聖書ダイジェスト版(2)

(5)エデンの園には、たった一つの禁止令があり、時限的に人間がテストされました。それは『善悪の知識の木の実だけは食べてはいけない』というものでした。しかし、悪魔(サタン)の誘惑にのり、エバが食べ、アダムも食べてしまい、それにより、「罪」が侵入し、霊的死状態になり、肉体的死を意識しながら生きることになりました。これが肉体的生命が引き継いでいる「罪の性質」の正体です。
 【主】は、『女の子孫であるメシアが悪魔(サタン)の頭を砕く(創世記3:15)』と全人類の救済を宣告されました。これは、人間が取り返しがつかない失敗をした結果の『罪』を解決する宣告だったのです。
 アダムとエバは、エデンの園から追放されることになりました。善悪の知識の木の実を食べてから、自分が裸であることを恥じるようになり、イチジクの葉で衣作り、誤魔化そうとしましたが、【主】は二人のために動物の犠牲を伴った皮衣を与えてくださいました。これは、やがて、罪を抱える人間が信仰を持つことにより、義の衣(キリストの衣)を与えられることが予表されています。
 アダムとエバには、二人の息子、カインとアベルが誕生しますが、【主】への捧げ物を受け入れられた弟アベルを兄カインが憎み、「人類史上、初の殺人事件」が起きました。(創世記4章)
 それでも、人は増え広がり、人口増加に伴う困難が起きてきました。

(6)その困難とは、人間の堕落と暴虐が世に満ちたこと、またネフィリム(超人)という存在でした。【主】は、信仰者ノアに洪水から救済するための箱舟(はこぶね)を作るように命じられました。(創世記6章)
 これが、地球規模の大洪水のお話しです。ノアとその妻、セムと妻、ハムと妻、ヤペテと妻、合わせて八人と、種類に従って陸上の動物が保護されました。ノアの箱舟は、「信仰者が救済されるというひな型」
になっています。
 四十日四十夜の大雨は大洪水となって地上を飲み尽くし、箱舟に乗らなかった人たちを滅ぼしました。ノアたちは、【主】からの許しで、一年と十日後にアララト山4000m付近(今のアルメニア)に降り立ちました。
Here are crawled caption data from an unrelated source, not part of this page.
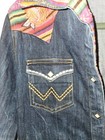 Vintage Denim Wrangler Rodeo Dress Size 0 Xs Wow Roses Fringe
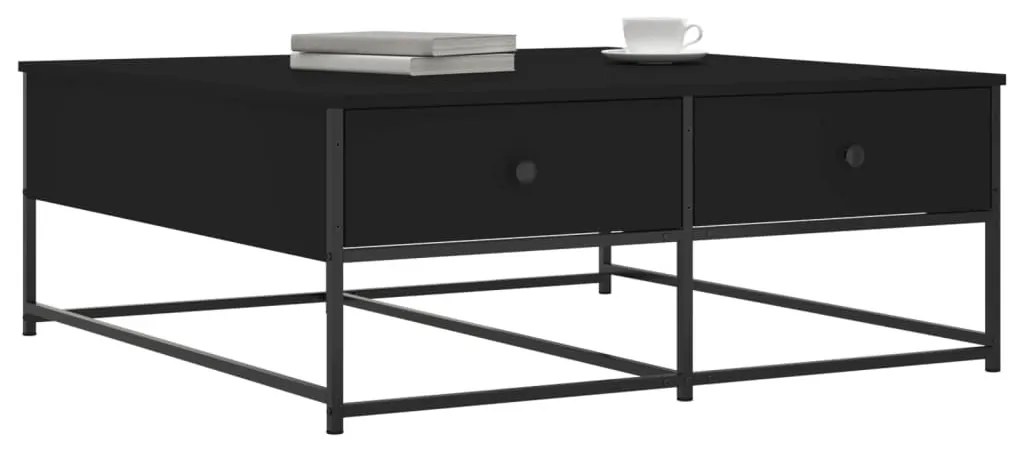 Fekete szerelt fa dohányzóasztal 100 x 99 x 40 cm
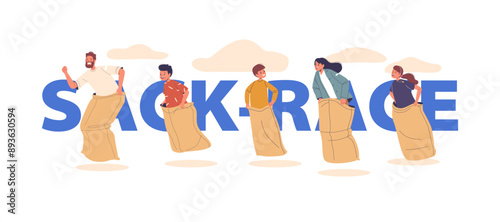 Characters Participating In Fun Sack Race. People Are Jumping In Sacks, Enjoying An Outdoor Activity, Vector Concept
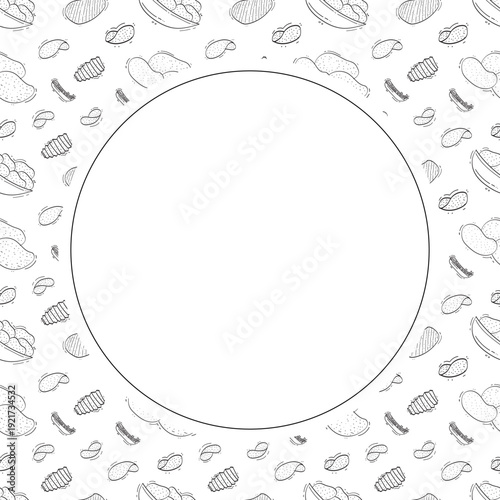 hand drawn chips circle frame background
 この八人から、今日の世界人口に増え広がりました。ヤペテは白人系の祖、ハムは黒人系の祖、セムは黄色人種系の祖とされました。セムが【主】の選びの民イスラエルの本流となります。
 聖書にくり返し出て来るのは、人間の失敗と、【主】による裁きと救済です。これは、【主】による人類救済への完結へと繋がっている最重要のテーマです。
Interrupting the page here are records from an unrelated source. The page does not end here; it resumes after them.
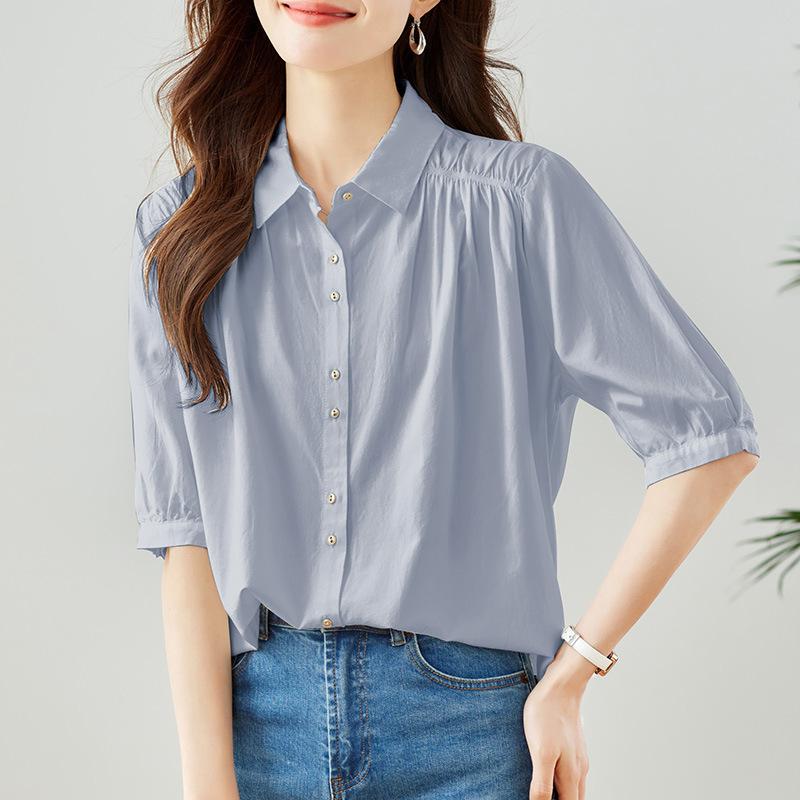 Lapel Single-breasted Temperament Lady Shirt Summer New Shoulder Pleated Design Niche Top M
Lapel Single-breasted Temperament Lady Shirt Summer New Shoulder Pleated Design Niche Top M
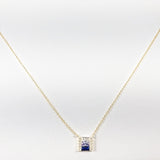 Elegant Vertical Bar Baguette CZ Gold Tone Silver Necklace
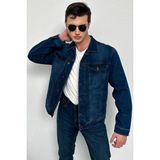 Hlt Jeans Erkek Koyu Mavi Jean Denim Standart Kalıp %100 Pamuk Cepli Düğmeli Kot Ceket HLTHE042110 - Koyu - Mavi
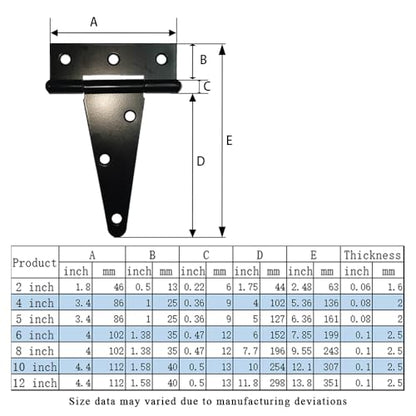 HLMOptimo Heavy Duty T Hinge, 2 pcs, 6 Inch, Black, Powder Coated, Carbon Steel - size: 6 Inch, style: 2 pcs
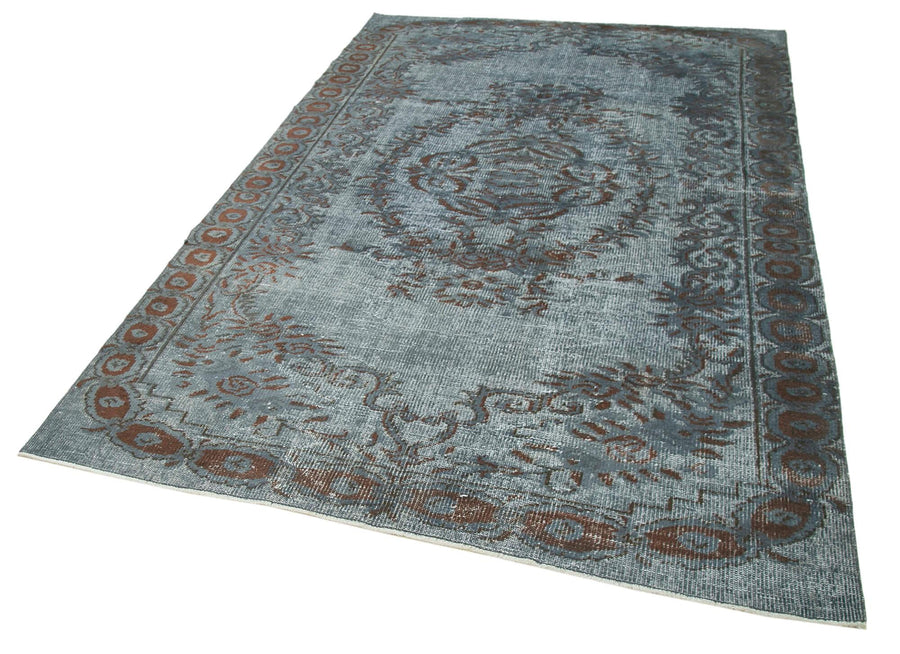 Oyma Vintage Gri Eskitme Pamuk Yün El Dokuma Halısı 175x265 Agacan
(7)【主】は、カルデアのウル(現イラク)にいたアブラハムを召し出し、イスラエルの父(選びの民の祖)として、子孫や土地の約束を与えました(創世記12章)。アブラハムは信仰で【主】に応答しました。でも、その約束が実現するまでには長い期間と、信仰による忍耐が必要でした。アブラハムが百歳の時に【主】が約束されたイサクが誕生しました。それは、人間的には不可能な領域でした。その次の世代は、ヤコブに引き継がれました(創世記27章)。
 【主】の選びの民(イスラエル)に対する子孫の約束は、創世記3章15節で宣告された『女の子孫』、つまりメシアであるイエス・キリストに繋がるという特別な意味がありました。

(8)【主】の選びの民「イスラエル」の歩みは、波瀾万丈でした。アブラハムの族長時代からはじまり、ヤコブの世代で食糧危機により、エジプトに移住しましたが、政権が変わり奴隷状態にされてしまいます。危機に陥り絶体絶命という所から、【主】の助けが記されています。ヤコブは後にイスラエルと改名され、その十二人の息子がイスラエル十二支族を形成することになります。
 この食糧危機の前に、ヤコブの十一番目の息子「ヨセフ」が兄弟たちの嫉妬を受けて、殺されそうになりましたが、結局、奴隷商人に売られてエジプトにたどり着いていたのです。そして、エジプトの「ナンバー2」に取り上げられた後に、その兄たちが食料の買い付けに訪れることになったのです。すべては、【主】の御手が動き、備えがあったのです。奴隷に売られたヨセフは、『受難のメシア』のひな型です。理不尽さの中にストーリーが進んで行くのです。